@dmaziuk
Shearwater uses open versions of VPM and Buhlmann ZHL. Unadulterated, open source, you can model exactly what that computer will do with any software out there.
Suunto has a proprietary algorithm. No one outside of them knows what it does or how it does it
Oceanic/Hollis et al have a proprietary algorithm. Same as above
I believe Atomic uses a proprietary algorithm as well.
These are less than ideal because they have unpredictable behavior. Suunto's are notorious for penalizing for sawtooth profiles, short SIT's, reverse profiles, etc. but you have literally no way of predicting what it is going to do. From a dive planning standpoint, that is annoying, and potentially dangerous.
From a lockout standpoint. The Shearwater computers track your theoretical tissue loading and make recommendations on deco stops. No computer knows that you are bent or not. The Shearwaters will continue to track your tissue loadings until such time that you shut it off. This is very important because you may be in a scenario where you are forced to blow decompression stops to save your life or that of someone else. You blow 30 mins of your 20ft deco stop to get someone to the surface so they live, then go straight back down. You have bubbles forming, and another computer will lock you out. You have no method of tracking your tissue loading. The Shearwater however will flash a bunch of red signs at you telling you that you are an idiot. You get the guy to the surface, then go back down to somewhere below your last cleared stop. It just keeps tracking your tissue loading until you decide that you want to go up.

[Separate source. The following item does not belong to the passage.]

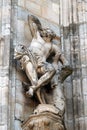 Saint Cyriacus Martyr, statue on the Milan Cathedral, Duomo di Santa Maria Nascente, Milan, Italy Royalty Free Stock Photo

Less severe scenario. You are a conservative diver and normally dive with a gf-Hi of 70. You are sitting on your final deco stop and go "oh sh!t" because something catastrophic happens, or for whatever reason you need to get out of the water quick. You go in, adjust your GF-Hi to whatever, 90-95-99, doesn't matter, and then get out when it's cleared.
From an instructor standpoint, that is a safety thing and I refuse to dive any computer that can lock me out when I'm teaching. That goes from open water, all the way up. From a recreational diver standpoint, it may not be the biggest thing in the world, but does locking you out really make the best sense? If you do something stupid and you know it, you should beach yourself, not the computer.